Auch mit deinen Gästen?

Ja, manchmal fahre ich nur einmal die Woche, teilweise auch dreimal die Woche mit unseren radaffinen Hotelgästen durch Alta Badia. Es kommt auch immer darauf an, wie ausgelastet unsere Guides gerade sind und ob sie Unterstützung brauchen. Ich habe kein genaues Programm, wann ich welche Strecken mit welchen Gästen fahre – das halte ich mir gerne offen. Wenn alles genau geplant ist, geht ja auch der Spaß an der Sache verloren. Darum bleibe ich gerne spontan.

Was magst du daran, mit deinen Gästen zu biken?

Ich bin generell sehr gerne unter Leuten und mag den persönlichen Kontakt mit den Gästen. Es ist auch einfach ein Unterschied, ob man als Hotelier im Hotel ist oder als Biker gemeinsam mit den Besuchern durch die Region fährt. Das ist ein ganz anderes Verhältnis zum Gast – ein viel Schöneres, weil man mehr auf demselben Level ist. Außerdem fahre ich auch einfach gerne – damit verbinde ich Arbeit und Leidenschaft.

Gibt es Touren, auf die du deine Gäste besonders gerne entführst?

Es ist schwer, mich auf eine Lieblingsstrecke festzulegen, weil ich die Abwechslung so gerne mag. Manchmal fahre ich kurze Strecken, manchmal lange. An einem Tag will ich eine steile Tour, am nächsten lieber etwas Einfacheres. Da bin ich nicht heikel. Was ich aber auf gar keinen Fall mache, ist, immer dasselbe zu fahren, denn die Vielfältigkeit ist für mich beim Radfahren das Allerwichtigste.

Nun wird Alta Badia aber auch als das Königreich der Pässe bezeichnet – deinen Lieblingspass musst du uns also schon verraten!

Auch das ist schwierig, weil es so viele schöne Pässe gibt! Was natürlich sehr schön ist, ist die Sella Ronda, bei der man gleich vier Pässe – nämlich Passo Sella, Passo Pordoi, Passo Campolongo und Passo Gardena – überquert. Auch der Valparola Pass ist ein wunderschöner Pass inmitten der Dolomiten. Ich glaube aber, müsste ich mich auf einen Lieblingspass festlegen, wäre es das Würzjoch: Noch nicht so bekannt und deshalb ruhig, verkehrsarm und wunderschön.

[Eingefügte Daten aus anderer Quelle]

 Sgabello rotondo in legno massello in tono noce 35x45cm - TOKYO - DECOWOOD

In letzter Zeit hat sich das Gravelbiken als neuer Trend herauskristallisiert. Auch du bist begeisterter Gravelbiker – was hat dich dazu gebracht?

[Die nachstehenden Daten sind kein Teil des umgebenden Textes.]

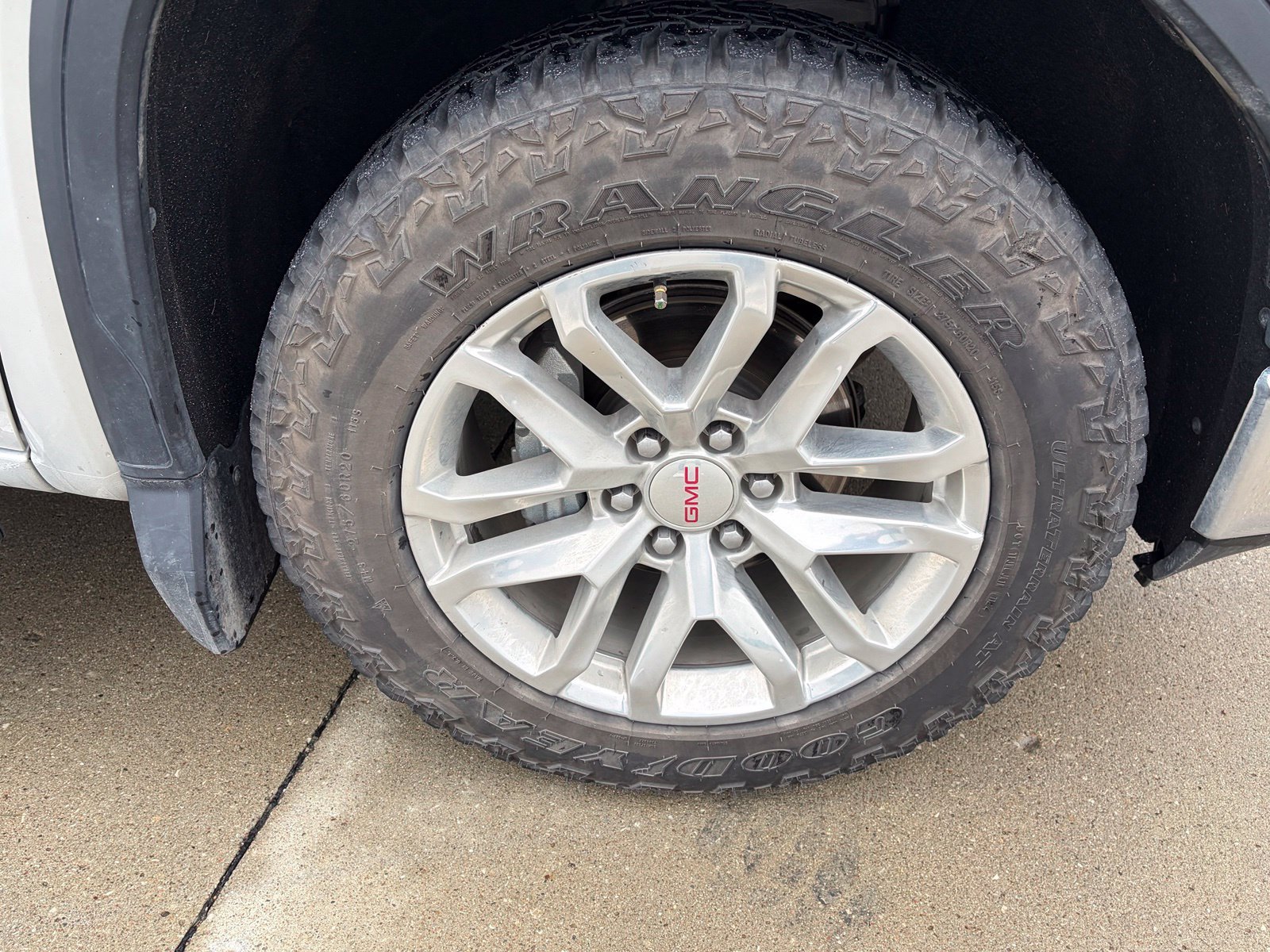 Used 2021 Silver GMC SLT image 6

Am Anfang haben mir einfach nur die Gravelbikes mit ihren besonderen Reifen sehr gut gefallen. Das war etwas Neues, das ich unbedingt ausprobieren wollte. Ich habe dann einfach mal ein paar Komoot-Strecken mit dem Gravelbike getestet und war erstaunt, wie viel man damit fahren kann! Mit dem Gravelbike kann man einfach vieles verbinden: Es macht nichts, wenn auf einer Tour eine Teer-Strecke von einem Stück Schotter unterbrochen wird. Mit dem Rennrad würde man das nicht fahren und mit dem Mountainbike wäre es vielleicht zu wenig actionreich, aber mit dem Gravelbike ist es perfekt! Dadurch hat man eine ganz andere Reichweite und das fand ich gleich zu Beginn sehr spannend. Jetzt liebe ich die Abwechslung!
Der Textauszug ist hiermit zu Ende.